**Work instruction**
Everything from the line containing "Barbie bambola di carta giorno" through the last line of the data below is to be retyped exactly, apart from the pictures.

**Dataset entries**
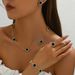 2024 Women's Bracelet Jewelry Set with Flower Diamond Set, Necklace, Earrings, Versatile, and Unique Rings_ipsvogv.com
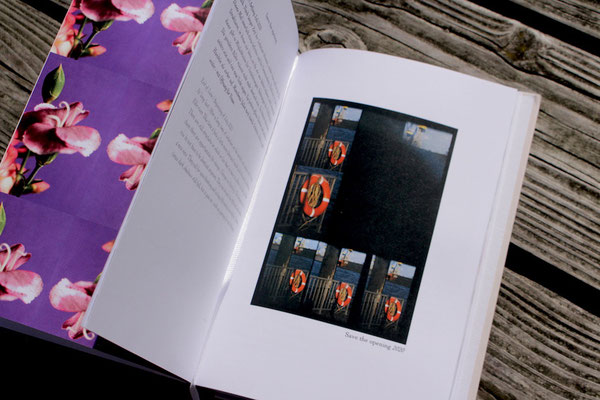 Mein Buch "Edition - Tagebuch in Kunst / Diary in Art" - Foto (c)Anka Blank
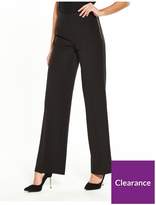 Thumbnail for your product : Very The Wide Leg Trouser - Black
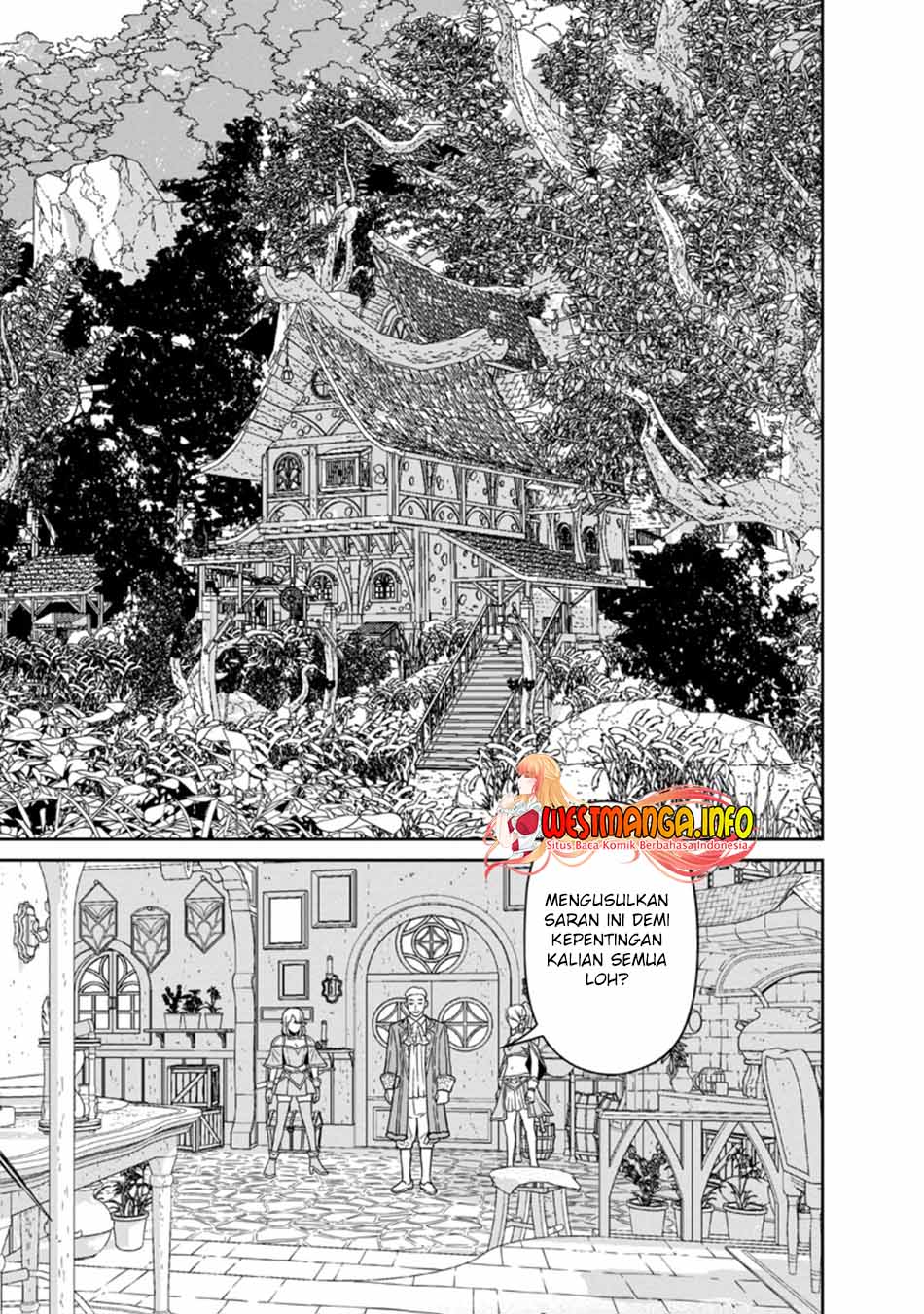 Baca Manga Maou Gun Saikyou no Majutsushi wa Ningen datta Chapter 19.3 Gambar 2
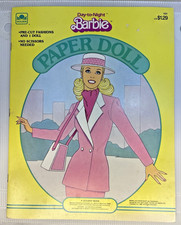 Barbie bambola di carta giorno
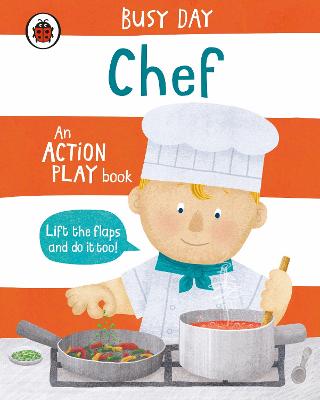 Cover of Busy Day: Chef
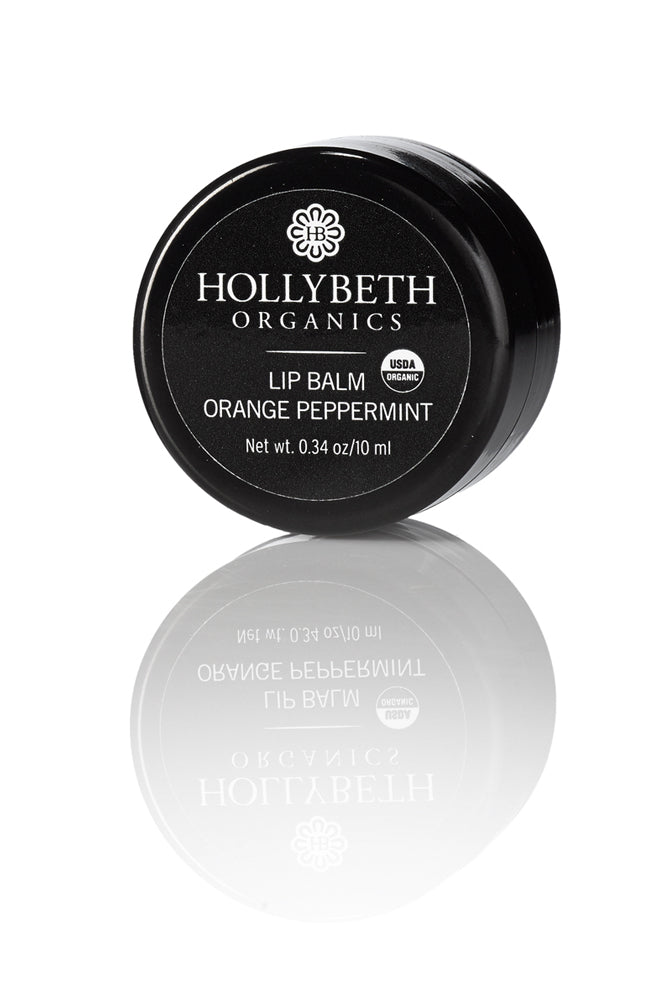HollyBeth Organics Orange Peppermint Lip Balm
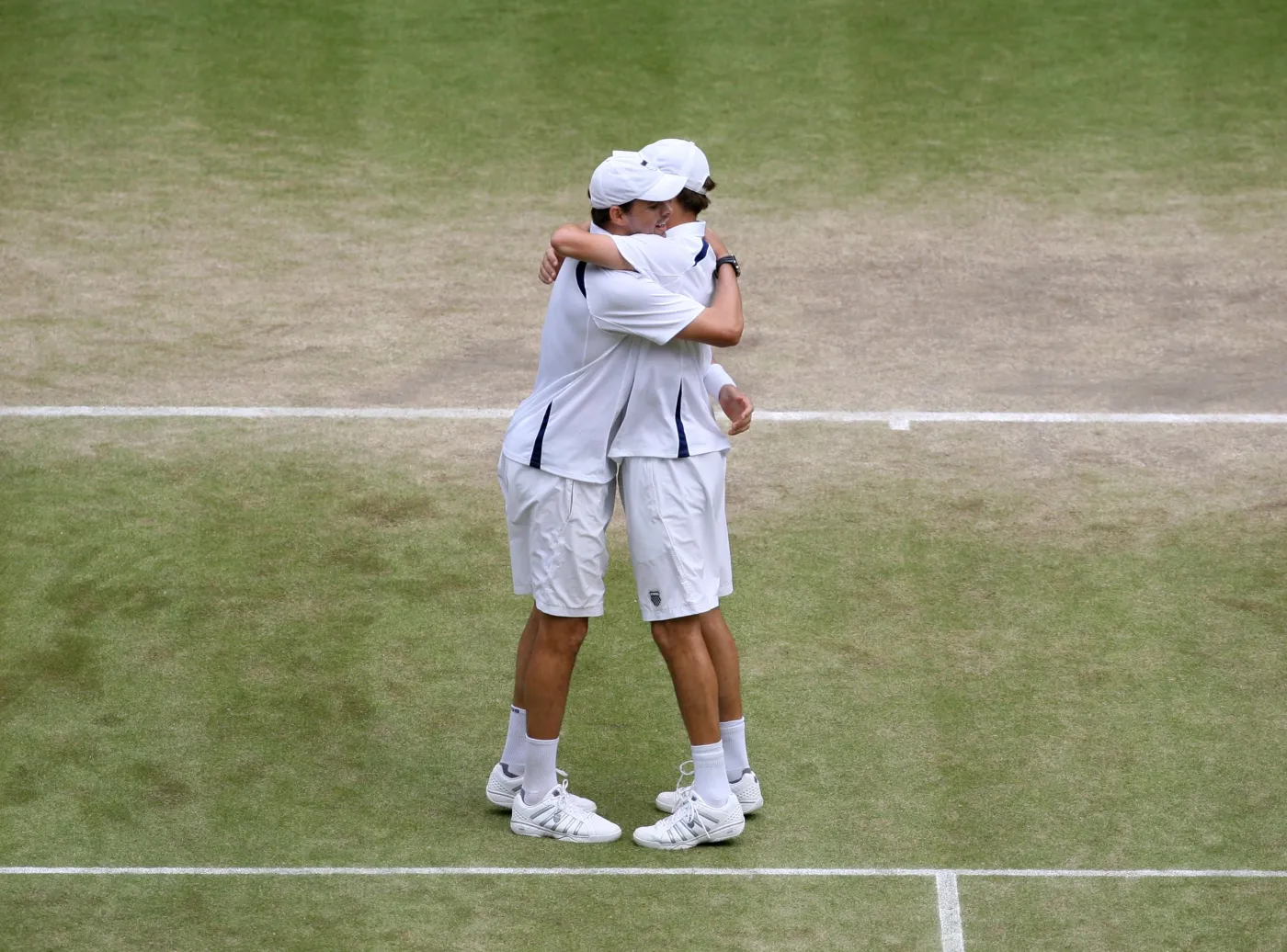 Bliźniacy siódmy raz deblem numer jeden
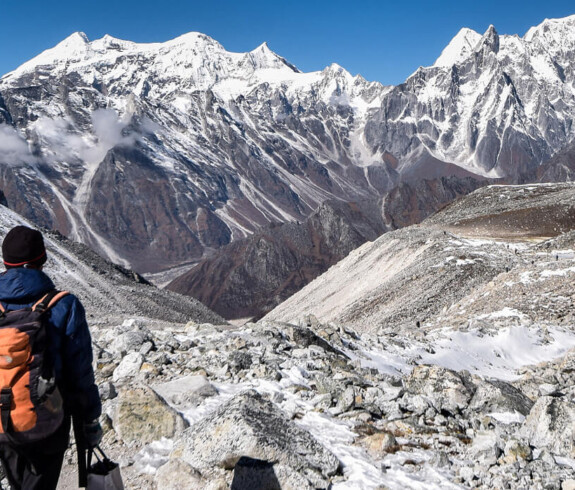 Larke La Pass - Manaslu Trek Difficulty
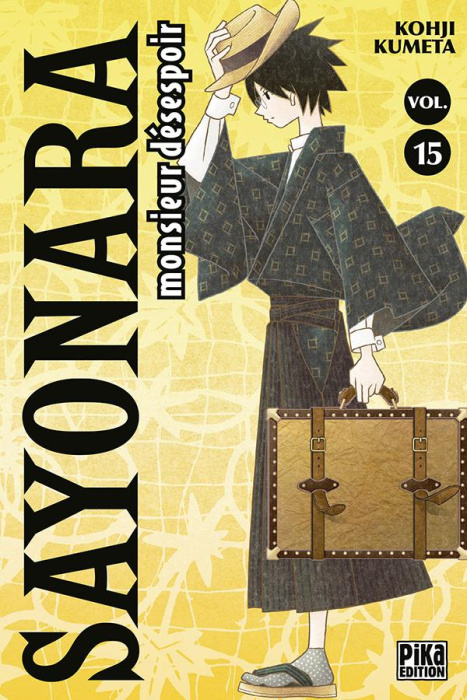 Emprunter Sayonara, monsieur désespoir Tome 15 livre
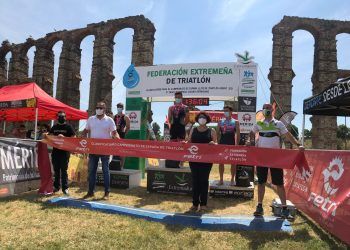 Mérida da el pistoletazo de salida a la Liga Nacional de Triatlón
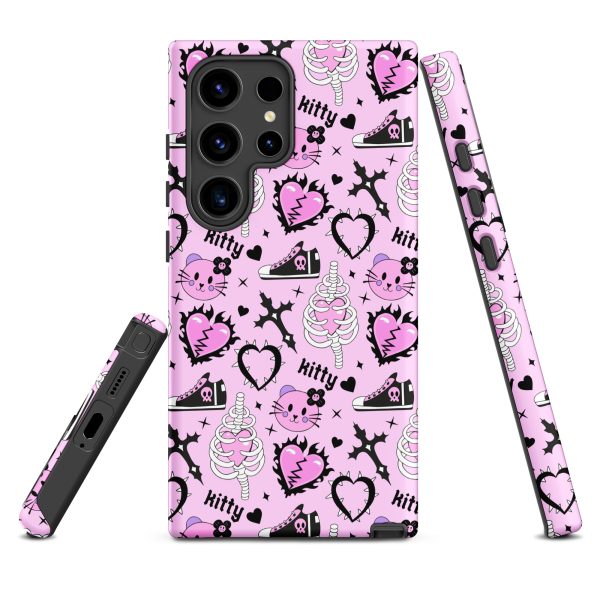 Bad Kitty Samsung Case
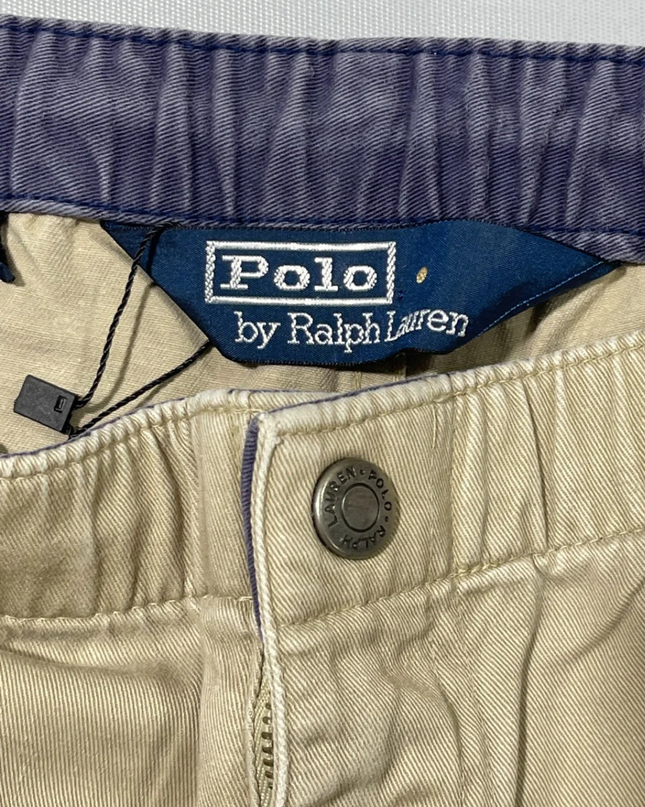 Polo Ralph Lauren Beige Stretch Classic Fit Chino Shorts
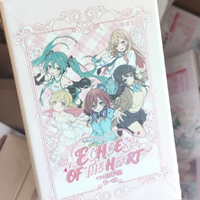 Boîte Mystère Surprise Anime Jinxiu Echoes of the Heart Vol.1 – Pack de Collection Surprise pour les Passionnés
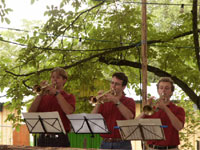 Nussbaumfest Luttingen 2002 - G.Hein,B.Wilms,M.Höhne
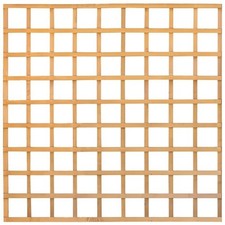 6ft x 6ft Wooden Lattice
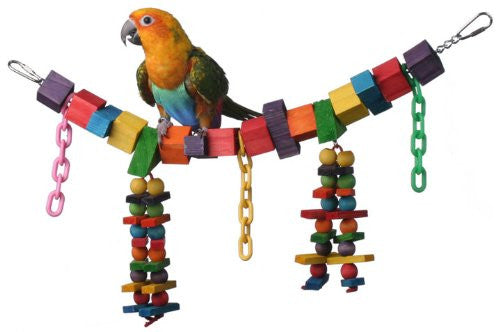 Super Bird Creations Rainbow Bridge Jr.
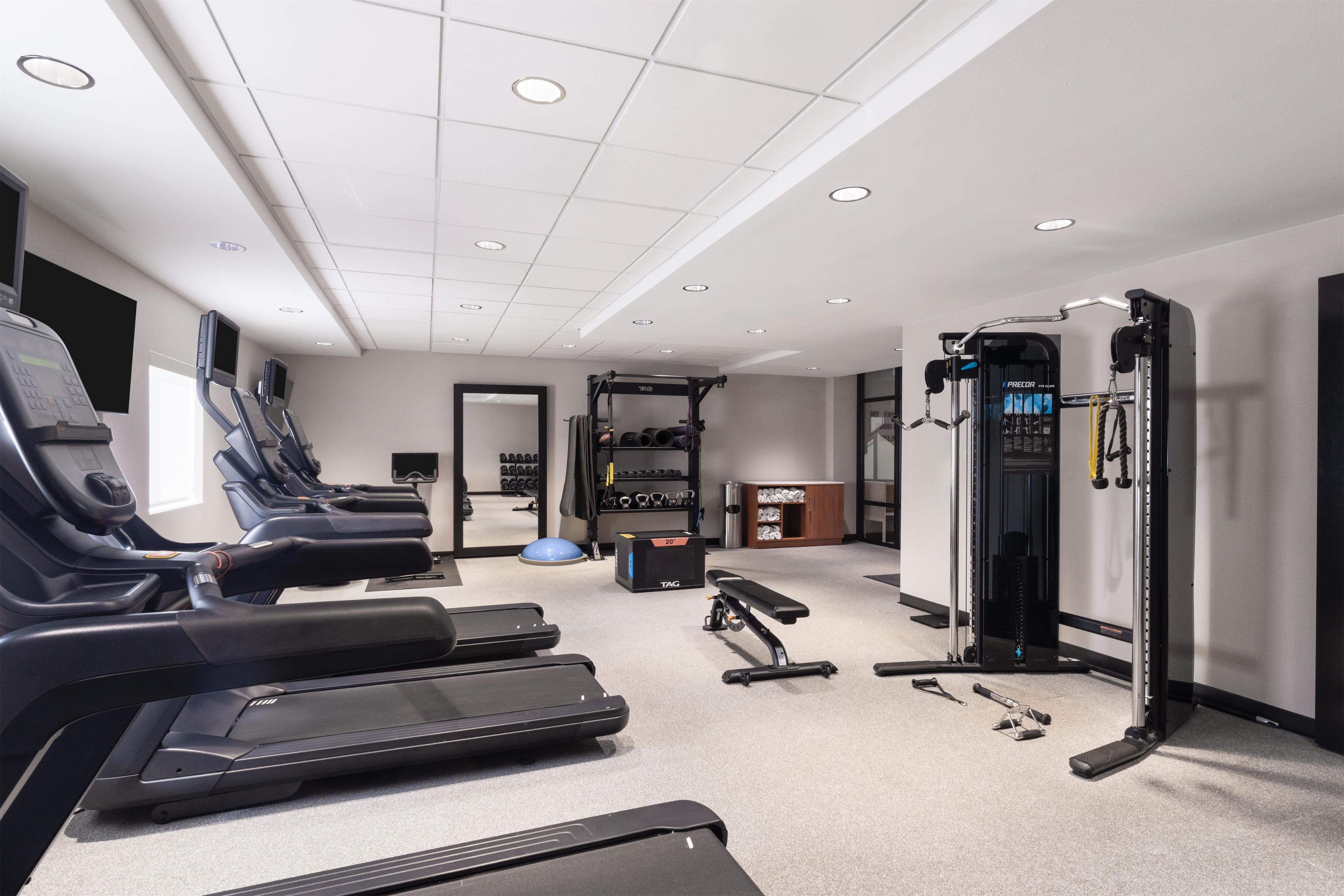 Health club fitness center gym | Home2 Suites by Hilton Alexandria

**Exercise response**
 Barbie bambola di carta giorno
 Cover of Busy Day: Chef
HollyBeth Organics Orange Peppermint Lip Balm
 Bliźniacy siódmy raz deblem numer jeden
 Larke La Pass - Manaslu Trek Difficulty
 Emprunter Sayonara, monsieur désespoir Tome 15 livre
 Mérida da el pistoletazo de salida a la Liga Nacional de Triatlón
 Bad Kitty Samsung Case
 Polo Ralph Lauren Beige Stretch Classic Fit Chino Shorts
 Boîte Mystère Surprise Anime Jinxiu Echoes of the Heart Vol.1 – Pack de Collection Surprise pour les Passionnés
 Nussbaumfest Luttingen 2002 - G.Hein,B.Wilms,M.Höhne
 6ft x 6ft Wooden Lattice
 Super Bird Creations Rainbow Bridge Jr.
 Health club fitness center gym | Home2 Suites by Hilton Alexandria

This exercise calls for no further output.